Chemists used to wonder why gasses tend to react with each other in small number ratios. But after the discovery of atoms, chemists have moved on to other questions. Are there any "dead questions" in philosophy? Are there any questions that were once up in the air, but are now moot or resolved?
Accepted:
March 23, 2011

Comments

Sean Greenberg
March 24, 2011 (changed March 24, 2011) Permalink

"The only way we can ever get rid of philosophy," the great philosopher J. L. Austin wrote in "Ifs and Cans," is "by kicking it upstairs." In 'kicking a philosophical question upstairs'--which Austin takes to be an improvement on treating the question philosophically--a putatively philosophical question is revealed to belong to another branch of knowledge. There are numerous examples. Although there was considerable speculation in ancient, medieval, and early modern philosophy about the nature of the physical elements, that issue is no longer debated; similarly, although there were debates about embryology from antiquity through the modern period, the way the fetus is formed is no longer a topic of philosophical discussion.

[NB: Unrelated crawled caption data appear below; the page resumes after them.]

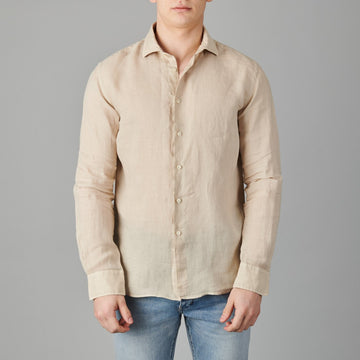 Xacus 748ML Tinto Capo Shirt Oatmeal Beige – gedragen vooraanzicht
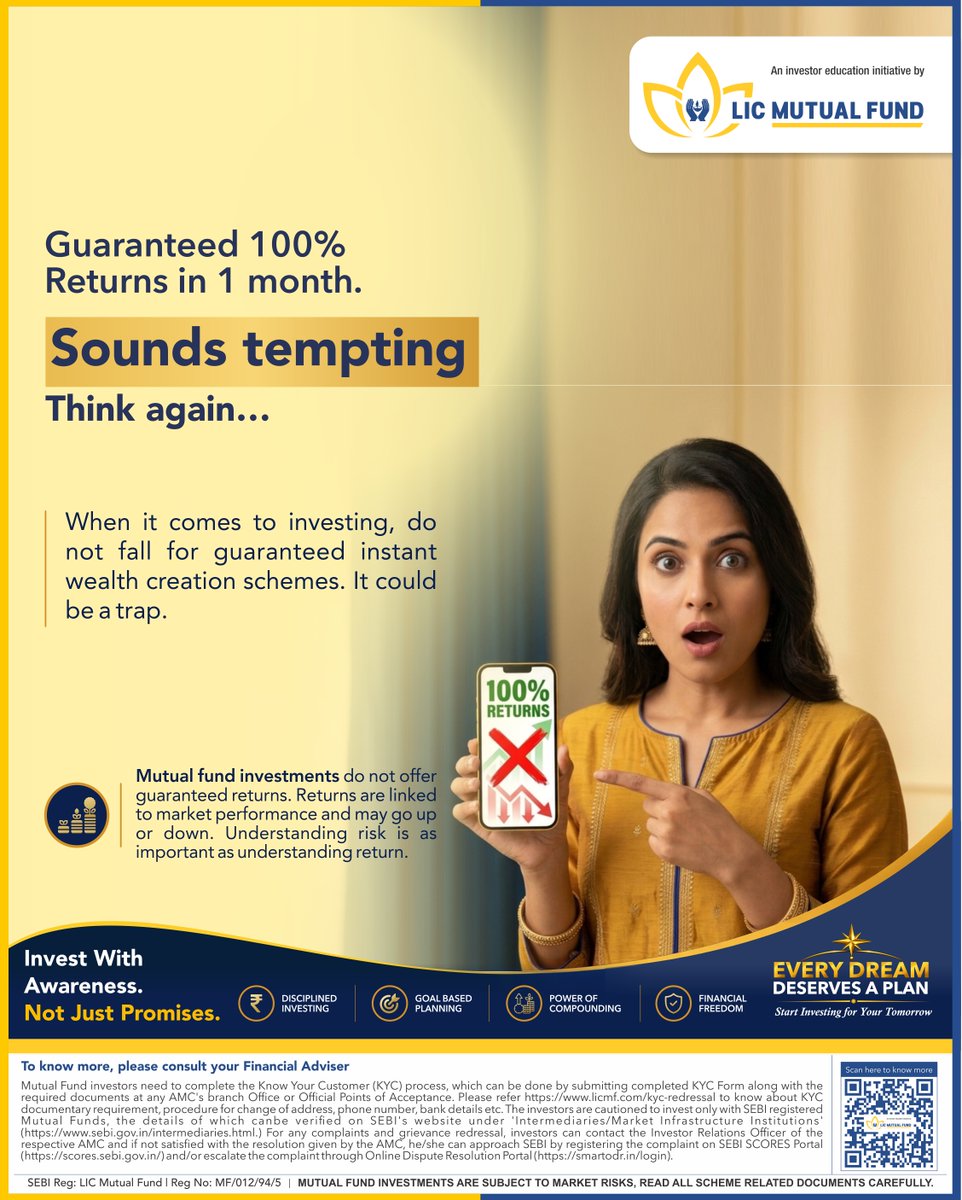 licmutual's tweet photo. ⚠️ If it sounds too good to be true, it probably deserves a second look. Before you invest, take a moment to understand the risks, verify the information, and ask the right questions.
Because informed investing starts with informed decisions.
 https://t.co/5xUemBKHqZ

#LICMF https://t.co/NuZ7MIE3d7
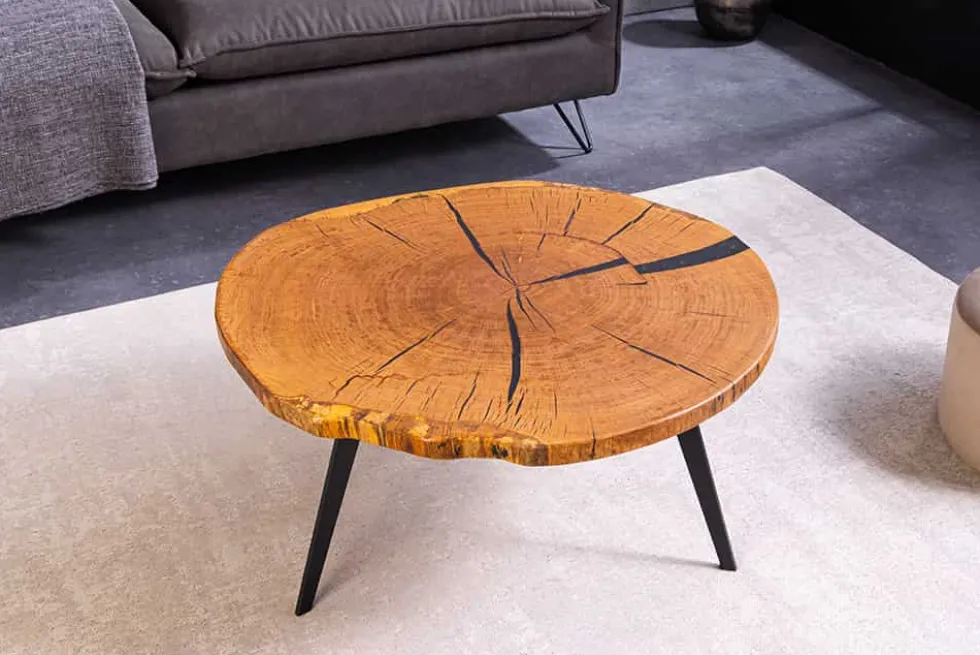 Runder Couchtisch ARBOR 75cm natur Eiche Massivholz schwarz Metall Beistelltisch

In these cases, however, empirical questions have been split off from more properly philosophical, or conceptual issues--and there are, of course, philosophical issues that arise in connection with cosmology and embryology. I myself am inclined never to pronounce a philosophical question dead, for I think it's part of the very nature of philosophical questions that even questions or approaches to questions that seem dead and buried have a permanent possibility of rising again.